Key observations from the data include variations in film runtimes over the decades, shifts in the volume of movie releases, and how these factors correlate with audience ratings. By analyzing patterns in the data, broad trends in filmmaking over time were identified, such as the increasing prevalence of certain runtime categories and the distribution of ratings across different time periods.  

Overall, this project highlights the importance of structured data analysis in understanding large datasets and deriving insights from them. By applying data cleaning, visualization, and interpretation techniques, meaningful observations about the film industry were extracted, setting the stage for further studies in related areas.  

Some key points to take away from this project are:
- The movie industry has **expanded tremendously** in both production volume and accessibility.

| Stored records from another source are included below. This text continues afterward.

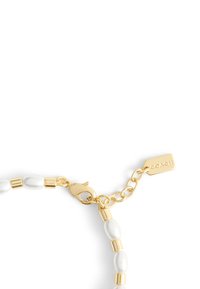 Bracelet en chaîne dorée présentant des perles blanches ovales et un fermoir à homard. Comprend une étiquette portant la gravure "COACH."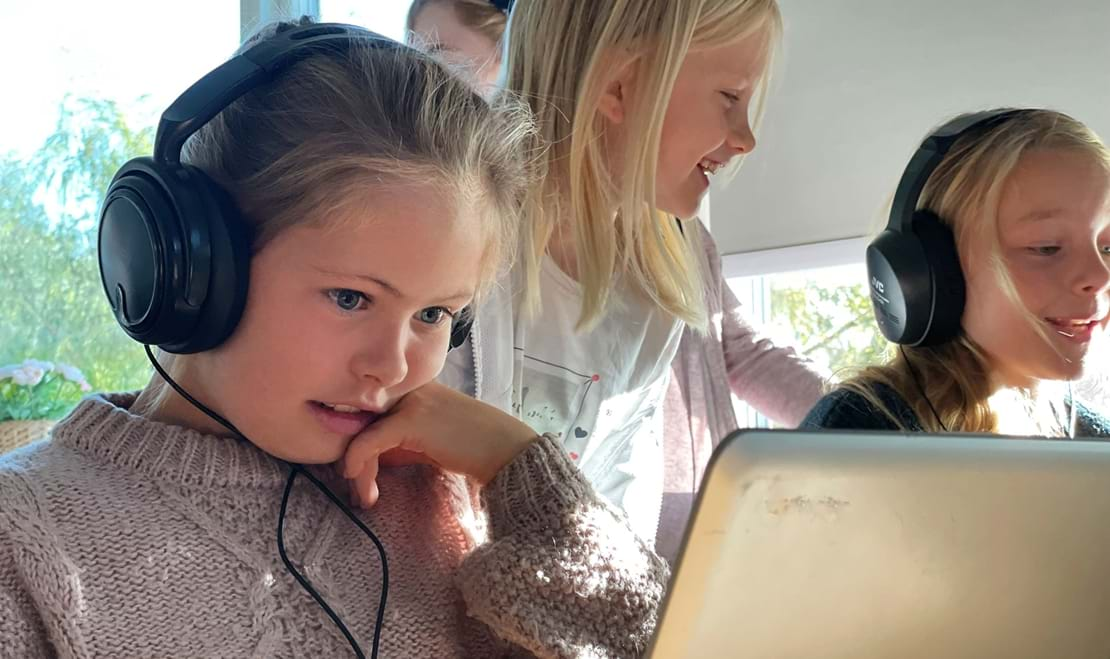 Billede af elever der lytter til musik på computere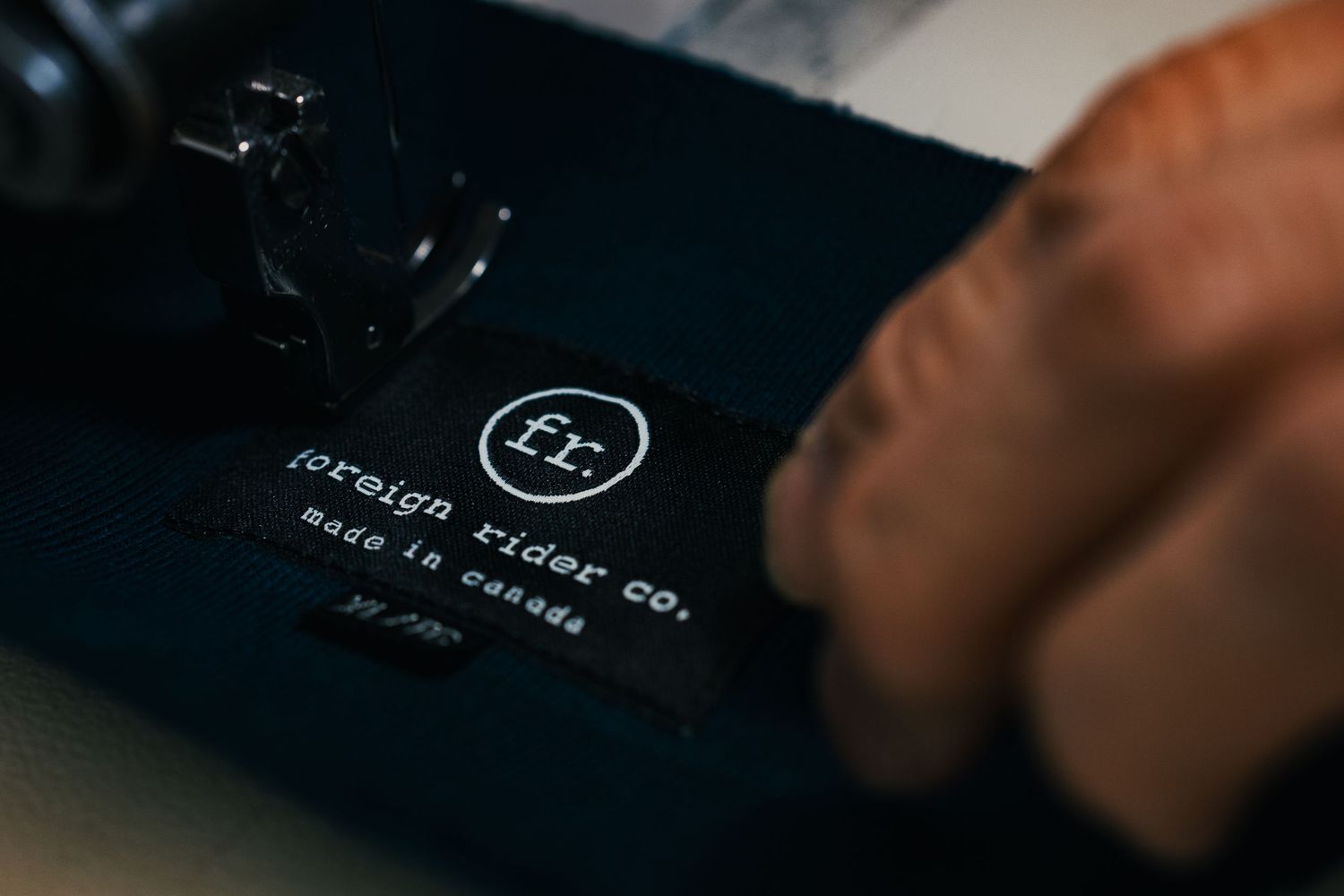 Close-up of a Foreign Rider Co. made in Canada label being sewn onto dark blue fabric.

- Despite the growth, **only a small percentage of films achieve widespread critical and audience acclaim**.
- The **rise of digital platforms, independent filmmaking, and international cinema** is reshaping how films are created, distributed, and consumed.
- Classic films continue to hold **strong cultural significance**, proving that certain elements of storytelling and filmmaking have timeless appeal.